Art. 111 – A administração pública direta, indireta ou fundacional, de qualquer dos Poderes do Estado, obedecerá aos princípios de legalidade, impessoalidade, moralidade, publicidade, razoabilidade, finalidade, motivação e interesse público.

 

Artigo 180 - No estabelecimento de diretrizes e normas relativas ao desenvolvimento urbano, o Estado e os Municípios assegurarão:

III - a preservação, proteção e recuperação do meio ambiente urbano e cultural;

 

Artigo 184 - Caberá ao Estado, com a cooperação dos Municípios:

IV - orientar a utilização racional de recursos naturais de forma sustentada, compatível com a preservação do meio ambiente, especialmente quanto à proteção e conservação do solo e da água;

 

Artigo 191 - O Estado e os Municípios providenciarão, com a participação da coletividade, a preservação, conservação, defesa, recuperação e melhoria do meio ambiente natural, artificial e do trabalho, atendidas as peculiaridades regionais e locais e em harmonia com o desenvolvimento social e econômico.

 

Artigo 192 - A execução de obras, atividades, processos produtivos e empreendimentos e a exploração de recursos naturais de qualquer espécie, quer pelo setor público, quer pelo privado, serão admitidas se houver resguardo do meio ambiente ecologicamente equilibrado.

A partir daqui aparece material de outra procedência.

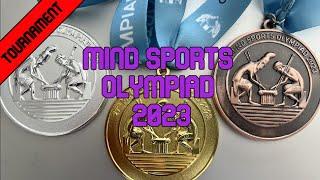 Mind Sports Olympiad 2023 My review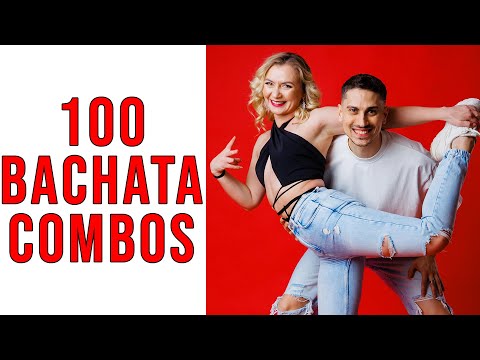 100 SENSUAL BACHATA COMBOS FOR SOCIAL | Thanks for 100K SUBS | Marius&Elena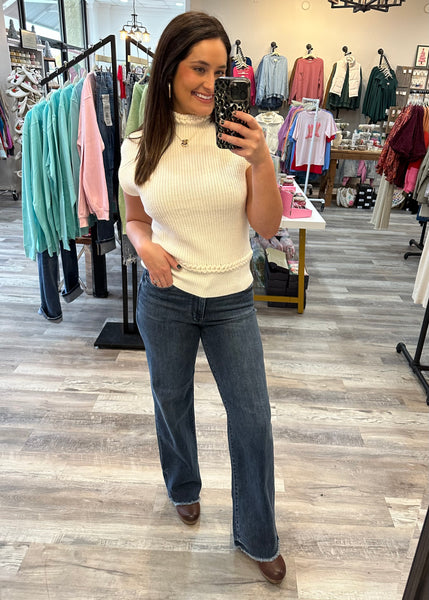 Judy Blue Wide Leg Jeans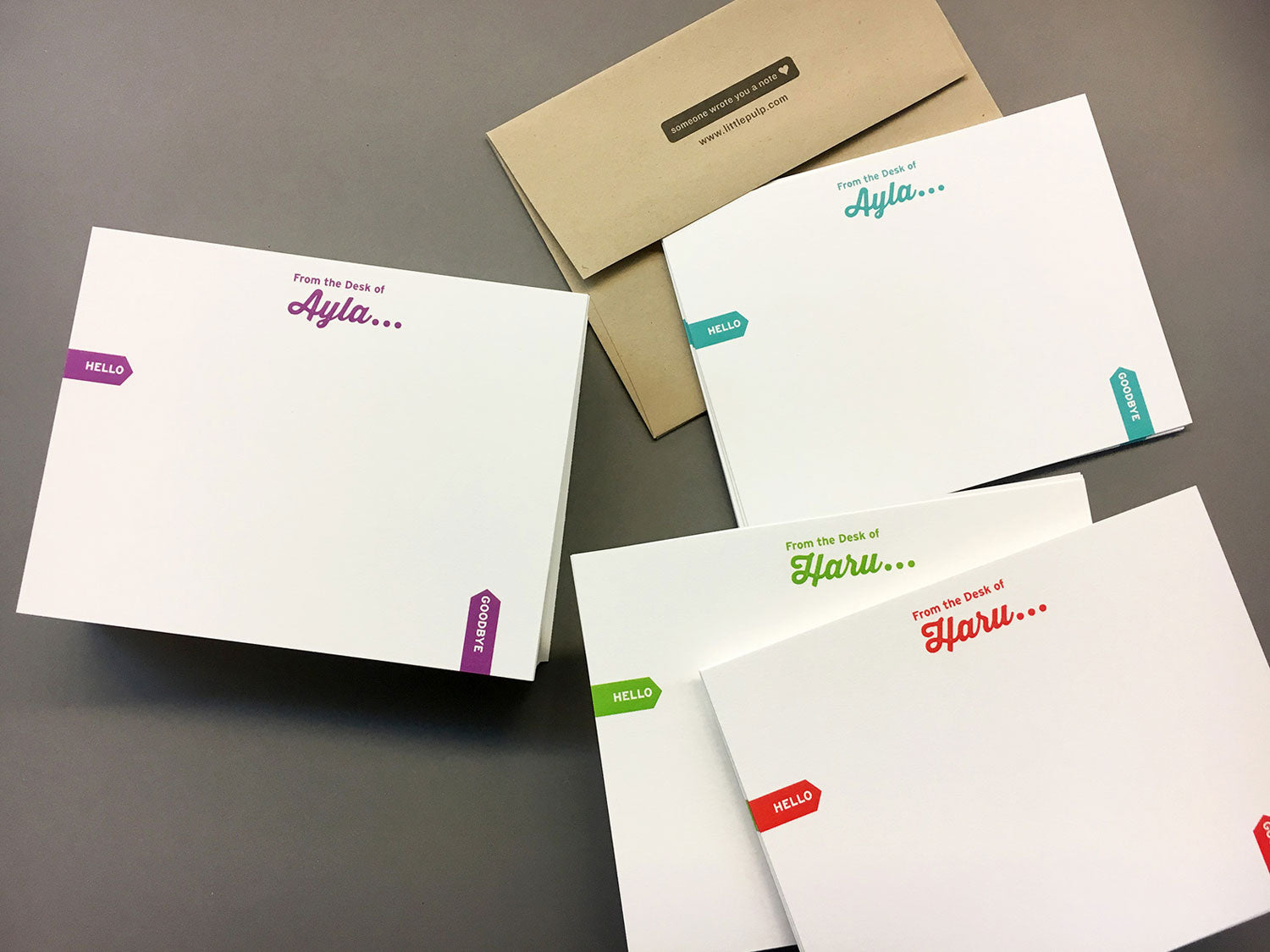 Notecards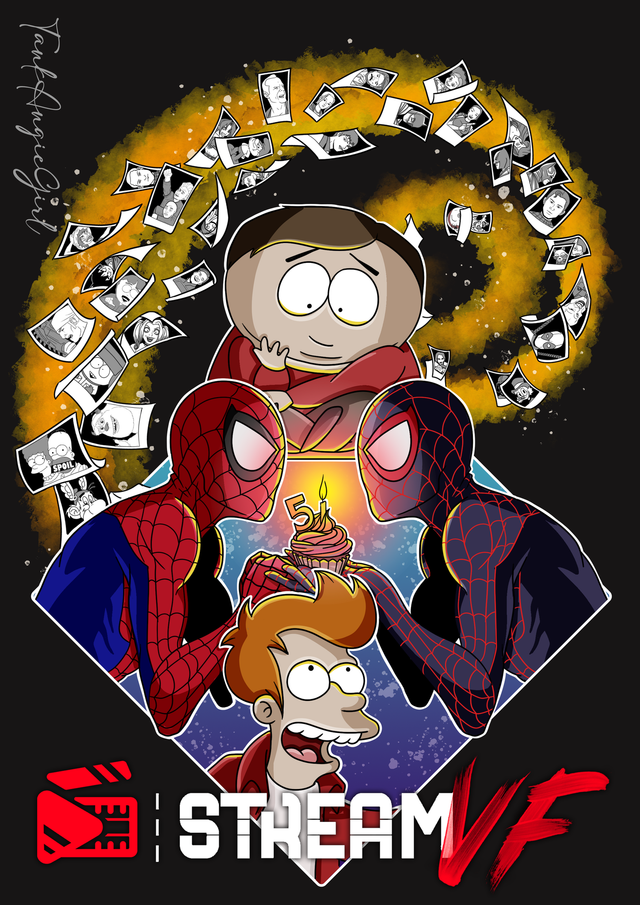 StreamVF 5ieme Anniversaire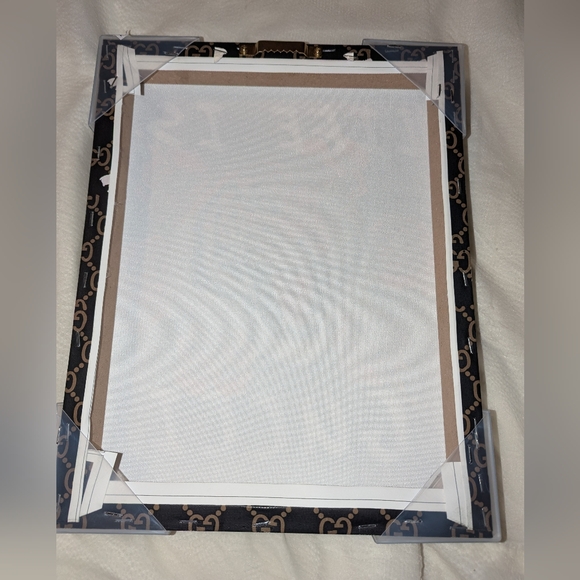 Life Is Gucci Tiger & Floral Art Canvas 11" x 14" New - Picture 4 of 5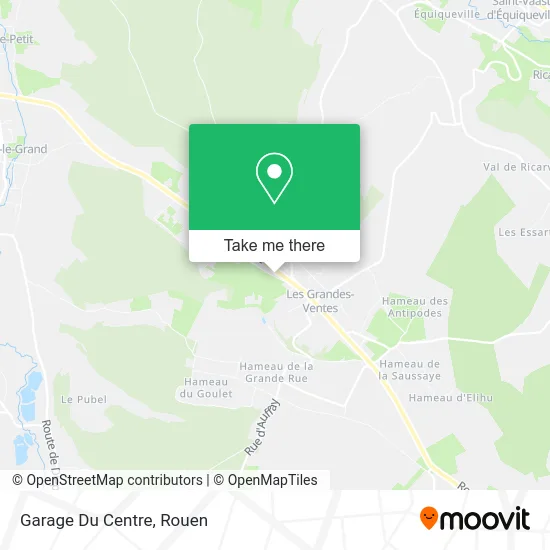 Garage Du Centre map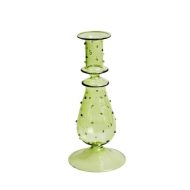 Fleur Pastel Glass Candlestick Holders - Image 12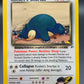 Pokémon TCG: 2000 Rocket's Snorlax - 33/132 - Gym Heroes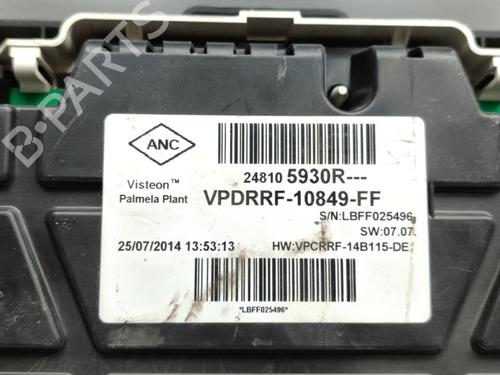 instrument-cluster-renault-trafic-iii-van-fg_-16-dci-120-fgmb-248105930r-2014-16509457 main image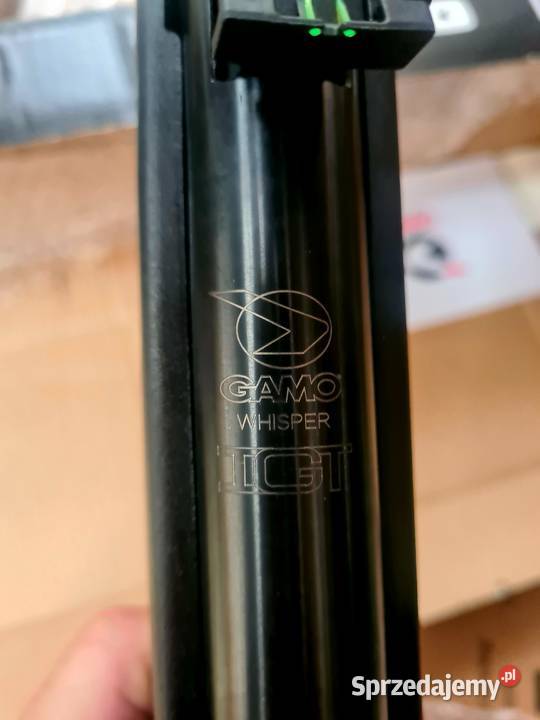Wiatrówka Gamo Whisper IGT 45 mm Sporty strzeleckie i myślistwo Magdalenka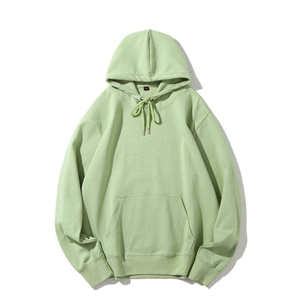 Custom <b>600gsm</b> Mens <b>Hoodie</b> Heavyweight Blank Pullover <b>Hoodie</b> Boxy Heavyweight Sweatshirt Men for US Brands - Product Image 3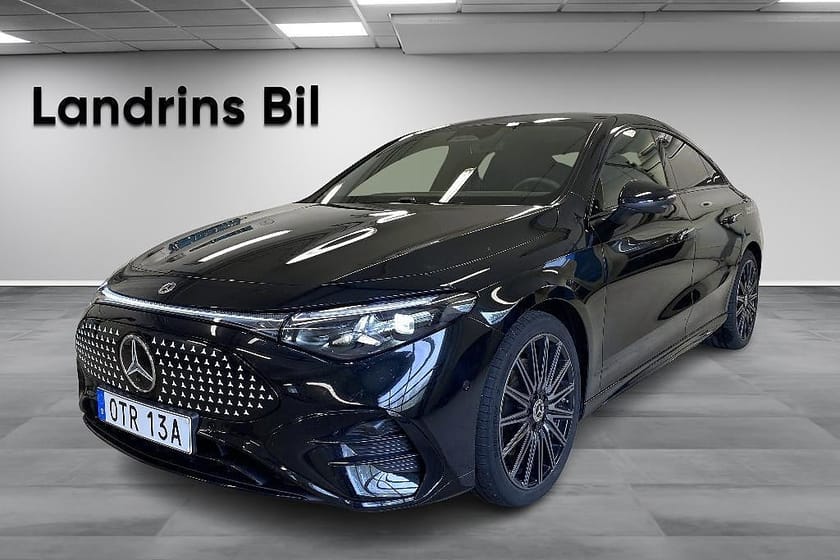 Bild 1 av Mercedes-Benz CLA 350 4MATIC AMG Line Plus, Drag, Panorama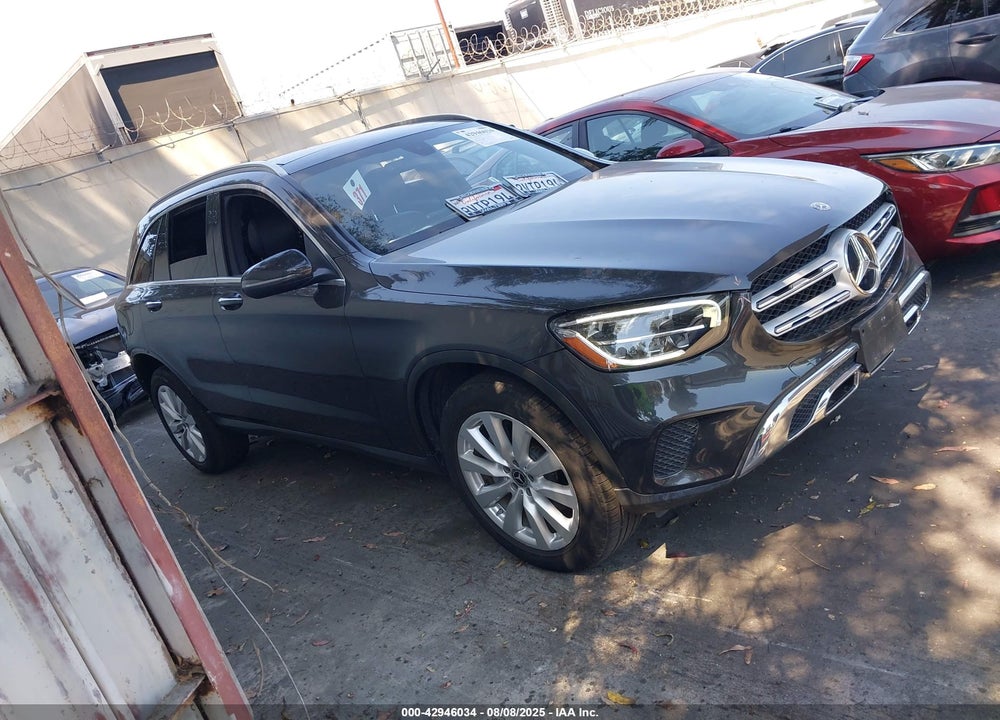 2020 MERCEDES-BENZ GLC CLASS VIN: W1N0G8DB3LF860913
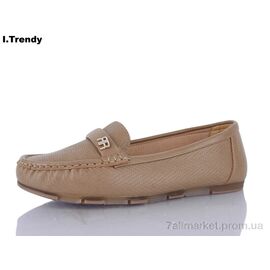 Фотография Туфли женские стильные Весна/осень XH561-5 (8 пар р.36-41) "Trendy" недорого оптом от прямого поставщика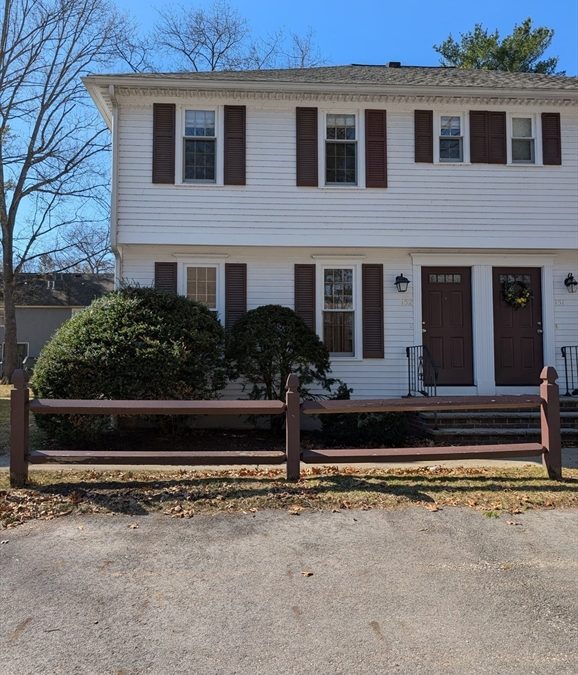 Active | Open House: Sun, Mar 29, 2026 11:00 AM – 12:30 PM | 152 Wellman Ave. #152, Chelmsford, MA 01863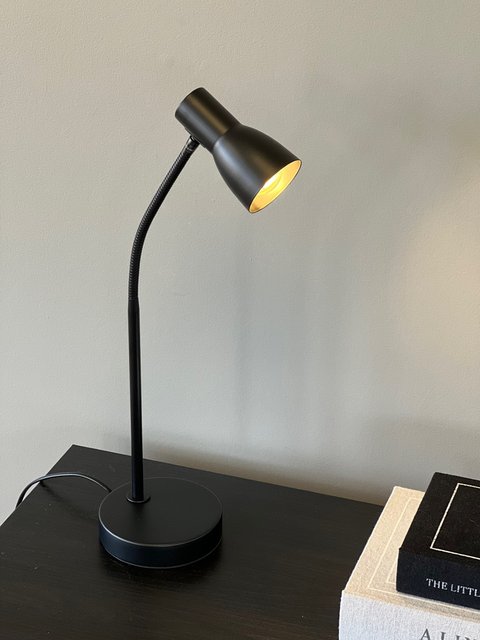 Mikes skrivebordslampe 42,5cm sort 4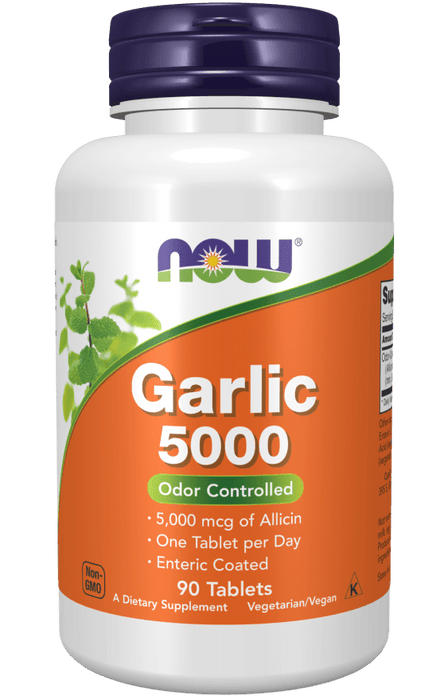 Garlic 5,000 mcg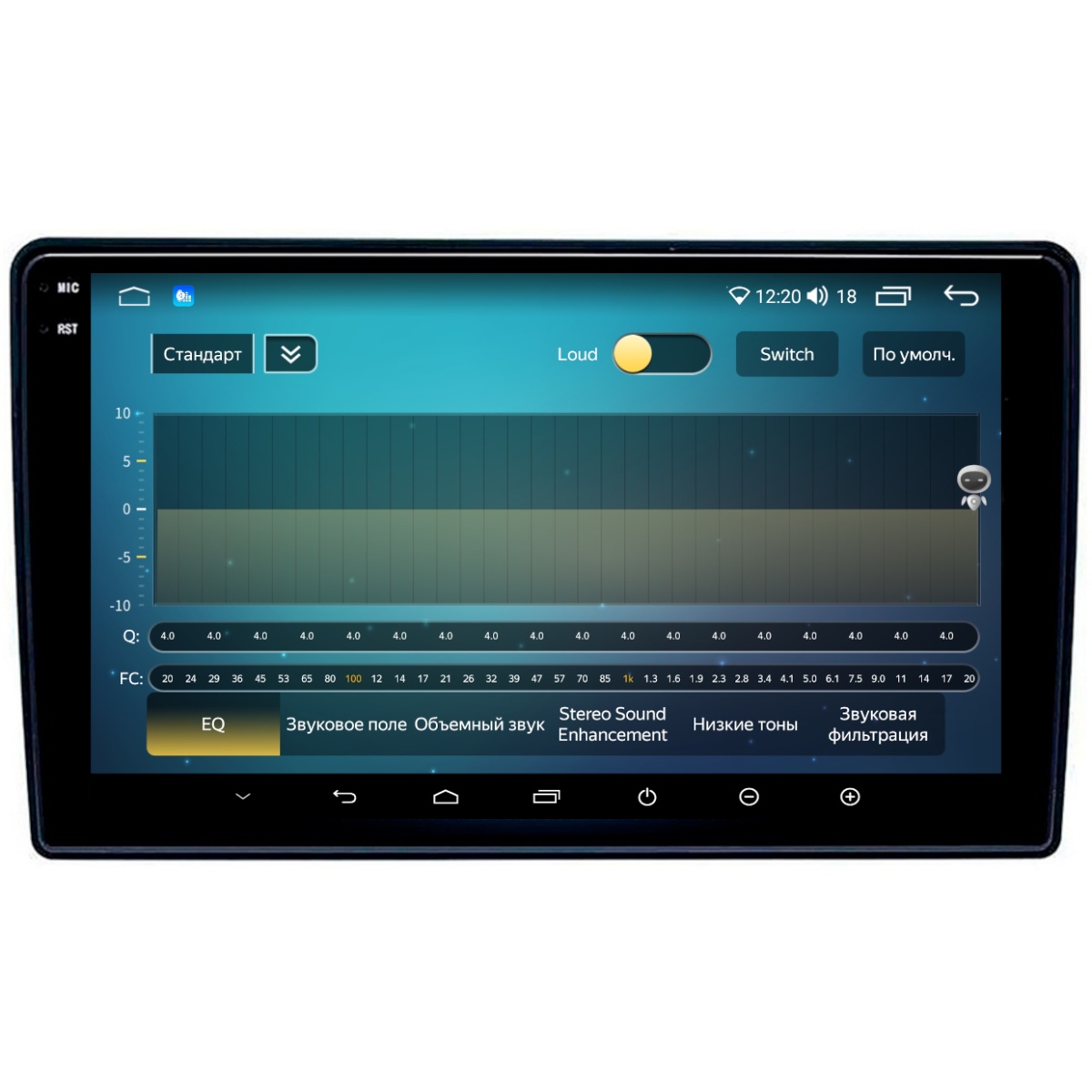 картинка Автомагнитола 9" STONELOCK ASC-09MB 3/32GB 2K 4G купить в магазине CAROBASS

§ 1º - A outorga de licença ambiental, por órgão, ou entidade governamental competente, integrante de sistema unificado para esse efeito, será feita com observância dos critérios gerais fixados em lei, além de normas e padrões estabelecidos pelo Poder Público e em conformidade com o planejamento e zoneamento ambientais.

 

Artigo 194 - Aquele que explorar recursos naturais fica obrigado a recuperar o meio ambiente degradado, de acordo com a solução técnica exigida pelo órgão público competente, na forma da lei.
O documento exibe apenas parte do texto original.